Some stuff to talk about if you end up in a cartoon graveyard this evening:
- Mother Jones and other sites have praised the Los Angeles Times for the "unusually clear and accurate headline" pictured at right ("GOP governors say they have a recipe for recovery/Reduce healthcare aid to the poor and give tax breaks to the wealthy"). It's been less commented-upon that the state of Maine serves as Exhibit A in the story about Tea Party principles being put into action. The "pugnaciousness" of Gov. Paul LePage is one reason, but it can't hurt that the state is blessed with a slogan — "The Way Life Should Be" — that started as a benign tourism marketing tool but can seem rather arrogant when a steamroller-type governor is standing beneath it, as in the LA Times photo. BTW, if Maine and New Hampshire ever merge, the new state slogan can be "Live the Way Life Should Be or Die."

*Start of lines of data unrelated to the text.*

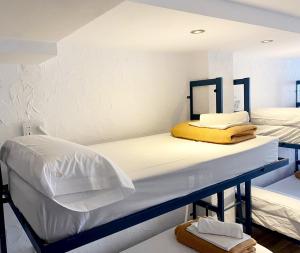 2 camas en una habitación con paredes blancas en Y Hostel - Albergue Juvenil en Palma de Mallorca
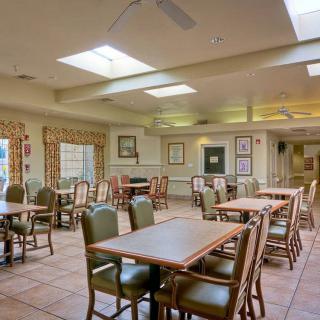An empty dining room with tables and chairs under skylights.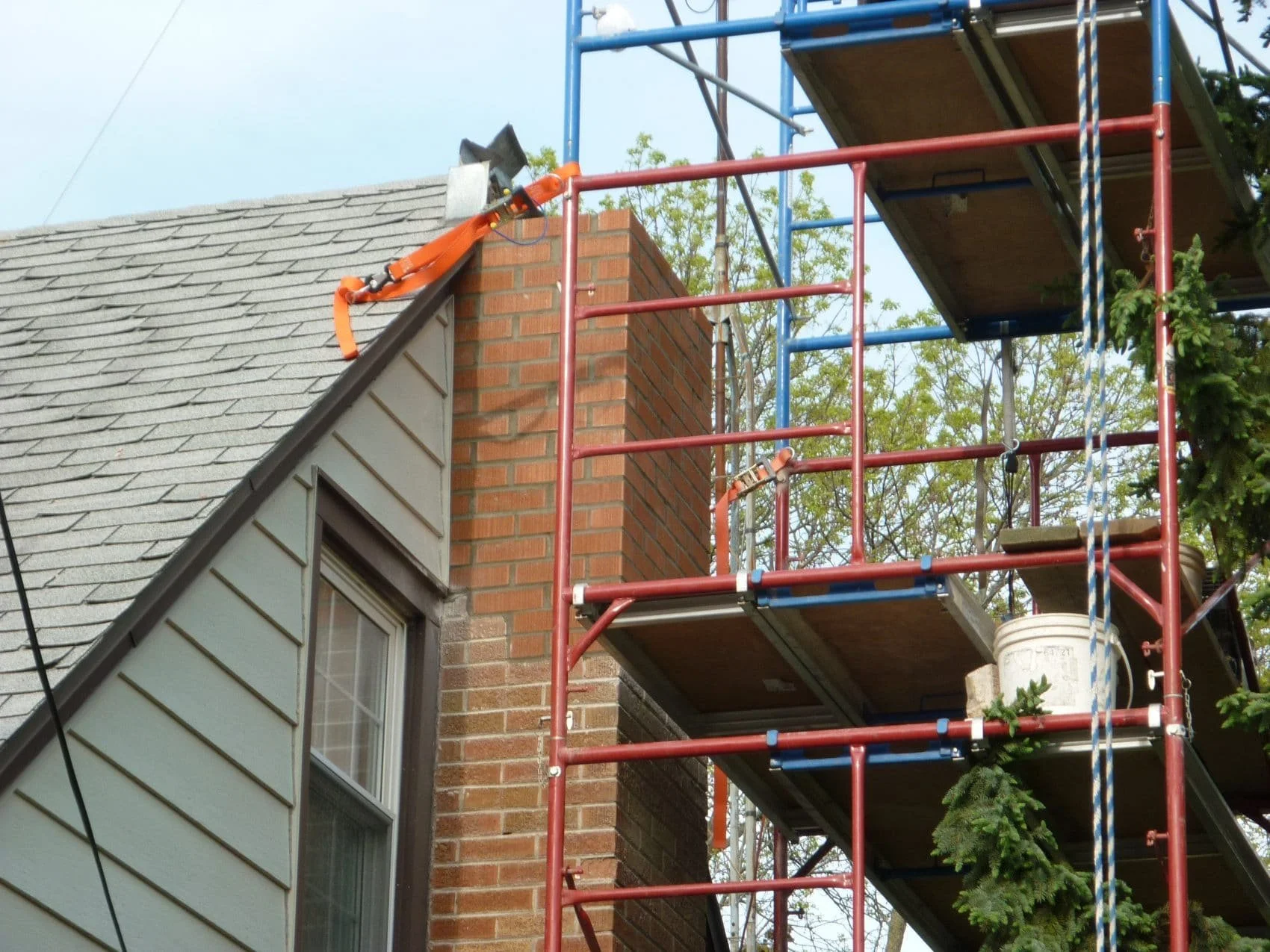 A house with a brick chimney and an adjacent section with gray wooden siding. A window with white trim is visible below the roof. Red and blue scaffolding is set up along the side of the house, with wooden planks on the scaffolding and a bucket at th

- The American Library Association has released its Top Ten List of the Most Frequently Challenged Books of 2010. No. 1 was And Tango Makes Three, about two gay penguins raising a chick in the Central Park Zoo (not to be confused with the two gay penguins in Pawnee, Indiana, that got married on Parks and Recreation). The ALA lists the most common reasons for challenging the books, and "political viewpoint" is cited for only one book in the Top 10: Barbara Ehrenreich's Nickle and Dimed: On (Not) Getting By in America, which makes the unpatriotic and unashamedly anti-Ayn-Randian argument that a lot of poor people have to take terrible jobs that don't give them much chance to get out of poverty.
- Paul Simon's album Graceland turns 25 this summer, and Nell Boeschenstein has a great essay about it at This Recording. ("We also recognize not just our parents in the words of those songs, but ourselves and our own impending midlives that loiter like shortening shadows on the horizon. ") It makes me want to find a cassette tape of the recording so I can listen to it the same way I did in college, when I was already acting as if I had hit midlife.